Mas não durou muito. Surgiu a variante Delta do coronavírus, mais agressiva e mais contagiosa. A vacinação empacou. Nunca chegou a atingir o marco de 50% da população. Os hospitais voltaram a admitir grande quantidade de pacientes contagiados, 95%  dos quais são pessoas que se recusam a tomar a vacina. E também se recusam a usar máscaras (a não ser obrigadas) e a manter o distanciamento social.

A situação é mais grave nos estados do Sul, tais como Flórida (o pior caso), Tennessee, Mississippi, Louisiana, Carolina do Sul, Oklahoma. São todos estados dominados por republicanos-conservadores, que se opõem a toda e qualquer medida restritiva por uma questão ideológica — a de que têm a liberdade de escolha e de não aceitar imposições.

São nesses estados, principalmente, que as cortes, especialmente os tribunais federais, estão concentrando seus esforços para combater a disseminação da Covid-19. Para isso, estão reeditando as medidas restritivas de antes, como exigir o uso de máscaras em suas dependências, garantir o distanciamento social, manter um controle de quem foi ou não foi vacinado e estimular a vacinação.

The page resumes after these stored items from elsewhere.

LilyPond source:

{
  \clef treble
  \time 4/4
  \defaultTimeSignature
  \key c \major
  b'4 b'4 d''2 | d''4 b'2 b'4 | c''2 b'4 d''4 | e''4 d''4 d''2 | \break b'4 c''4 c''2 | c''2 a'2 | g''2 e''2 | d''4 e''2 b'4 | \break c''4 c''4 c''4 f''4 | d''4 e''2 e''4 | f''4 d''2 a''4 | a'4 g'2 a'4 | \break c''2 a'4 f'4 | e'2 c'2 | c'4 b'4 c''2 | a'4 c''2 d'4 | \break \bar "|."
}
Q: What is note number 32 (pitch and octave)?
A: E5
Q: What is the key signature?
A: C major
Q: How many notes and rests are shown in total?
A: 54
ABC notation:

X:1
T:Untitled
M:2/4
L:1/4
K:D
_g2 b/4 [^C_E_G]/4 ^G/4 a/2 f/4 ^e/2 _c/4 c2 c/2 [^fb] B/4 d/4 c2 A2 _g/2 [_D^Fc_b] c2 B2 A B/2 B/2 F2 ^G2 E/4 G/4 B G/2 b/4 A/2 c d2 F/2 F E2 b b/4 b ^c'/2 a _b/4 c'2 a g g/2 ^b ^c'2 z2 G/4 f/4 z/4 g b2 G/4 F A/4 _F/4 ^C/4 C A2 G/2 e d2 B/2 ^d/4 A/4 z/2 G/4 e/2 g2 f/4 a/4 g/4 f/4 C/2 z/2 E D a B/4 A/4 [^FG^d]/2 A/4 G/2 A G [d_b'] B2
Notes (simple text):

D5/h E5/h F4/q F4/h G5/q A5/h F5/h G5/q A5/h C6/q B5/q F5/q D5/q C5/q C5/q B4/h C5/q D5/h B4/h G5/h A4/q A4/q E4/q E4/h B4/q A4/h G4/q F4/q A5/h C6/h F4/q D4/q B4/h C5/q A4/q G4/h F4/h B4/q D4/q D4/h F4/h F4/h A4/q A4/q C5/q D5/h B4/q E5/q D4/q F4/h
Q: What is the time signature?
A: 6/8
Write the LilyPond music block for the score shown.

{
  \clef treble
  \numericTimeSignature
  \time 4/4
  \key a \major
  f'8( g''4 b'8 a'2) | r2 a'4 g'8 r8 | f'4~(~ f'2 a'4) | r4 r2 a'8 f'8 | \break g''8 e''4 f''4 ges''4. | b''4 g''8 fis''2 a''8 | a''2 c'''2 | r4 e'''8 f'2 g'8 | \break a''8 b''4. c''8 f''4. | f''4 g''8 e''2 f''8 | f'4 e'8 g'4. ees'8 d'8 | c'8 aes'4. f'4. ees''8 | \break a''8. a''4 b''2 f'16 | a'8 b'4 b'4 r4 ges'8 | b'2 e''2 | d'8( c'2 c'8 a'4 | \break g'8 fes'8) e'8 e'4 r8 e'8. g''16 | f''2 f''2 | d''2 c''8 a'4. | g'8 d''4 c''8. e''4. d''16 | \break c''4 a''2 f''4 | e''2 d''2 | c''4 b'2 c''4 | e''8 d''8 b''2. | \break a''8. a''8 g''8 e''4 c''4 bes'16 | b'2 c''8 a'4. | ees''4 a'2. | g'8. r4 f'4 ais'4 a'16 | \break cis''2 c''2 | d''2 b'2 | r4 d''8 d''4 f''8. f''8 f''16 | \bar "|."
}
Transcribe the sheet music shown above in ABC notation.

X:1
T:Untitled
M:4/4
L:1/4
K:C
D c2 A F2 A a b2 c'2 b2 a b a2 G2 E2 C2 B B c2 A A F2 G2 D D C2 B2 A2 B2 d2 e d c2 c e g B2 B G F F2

Nenhuma corte decidiu, até agora, voltar a julgamentos virtuais, em vez de presenciais. Mas algumas cortes estão exigindo que todos os funcionários e todos os jurados sejam vacinados e usem máscaras. Outras cortes ainda não estão exigindo que seus funcionários sejam vacinados. Mas quem não for vacinado terá de fazer um teste de Covid-19 semanalmente e terá de usar máscaras.

O presidente da Associação dos Juízes Federais, juiz Richard Clifton, disse ao Law.com que cada corte poderá instituir seu próprio protocolo de segurança contra o coronavírus, porque os juízes devem levar em conta a situação, desafios e preferências de suas comunidades locais.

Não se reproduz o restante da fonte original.